Nevada teacher union eyes new priority for ‘organizing’

Steven Miller

LAS VEGAS — Following years of dwindling membership in the Nevada teacher union, its officials are pushing to shift resources away from member representation and toward new recruiting campaigns instead.

The result is that teachers who see themselves as educational professionals, rather than rank-and-file laborers in a government-school industry, are finding themselves increasingly sidelined by the union, the Nevada State Education Association.

It’s a pattern emerging not only in the Silver State but all over the U.S.: Teacher-union brass, confronted with declining membership, are seeking to transform the nature of their unions, despite resistance from existing members.

“But adoption of the organizing priority is itself fraught with problems,” writes Cornell labor scholar Richard Hurd. He notes that union members themselves “continue to demand representation. They are mostly pragmatists and it is difficult for them to accept the argument that devoting substantial resources to organizing will pay off eventually …”

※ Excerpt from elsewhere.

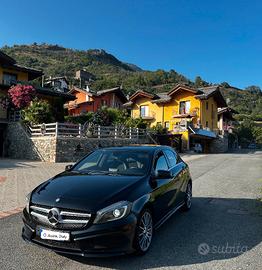 Mercedes classe a 180 cdi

Moreover, noted Hurd in his 2004 paper, “The Rise and Fall of the Organizing Model,” American union members do not find appealing the approach’s ultimate goal of converting union members into hard-core leftwing “movement” activists.

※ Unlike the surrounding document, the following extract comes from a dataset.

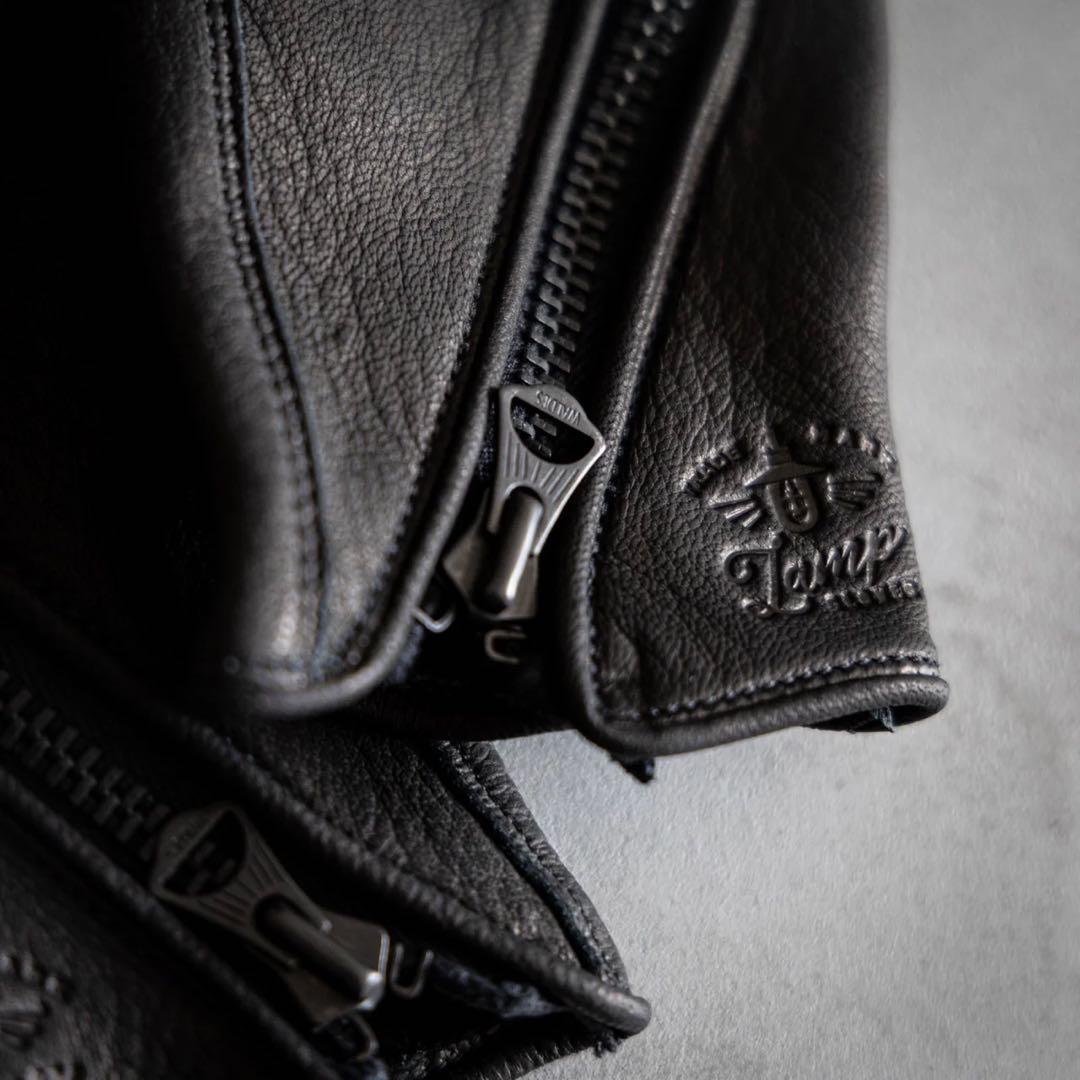 LAMP GLOVES ランプグローブス　限定ジッパーグローブ未使用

“It seems that at least in the U.S. members do not have a taste for continual warfare, preferring stability rather than on-going class struggle,” he wrote.

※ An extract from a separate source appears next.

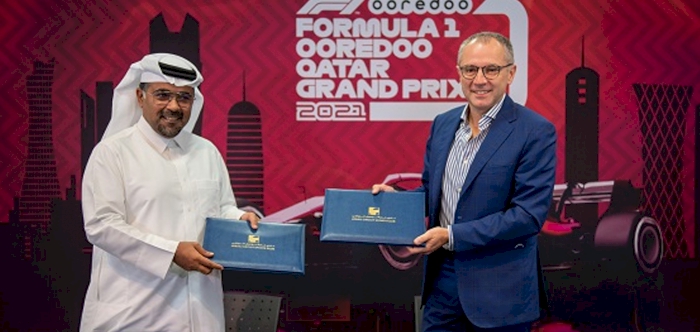 F1 FURTHER STRENGTHENS QATAR’S ENVIABLE POSITION AS LEADING SPORTS DESTINATION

In Southern Nevada, one of the first public signs of the change was the 2011 hiring of a controversial California union militant, John Vellardita — found guilty, in federal court, of several counts of wrongdoing — to be the executive director of the local teacher union, the Clark County Education Association.

Significantly, the CCEA press release that announced Vellardita’s hiring said he “looks forward to leading the Association from a service to an organizing model.”

This distinction — between “service model” unionism and “organizing model” unionism — is long-standing in American labor history and marked the early 20th century especially. Depending upon the times, each approach — and with the advocates of each scorning the other — has waxed or waned.

Still, as the American Federation of Teachers notes in a leadership handbook, “Service model unionism is by far the most widely used model of union organizing past and present.”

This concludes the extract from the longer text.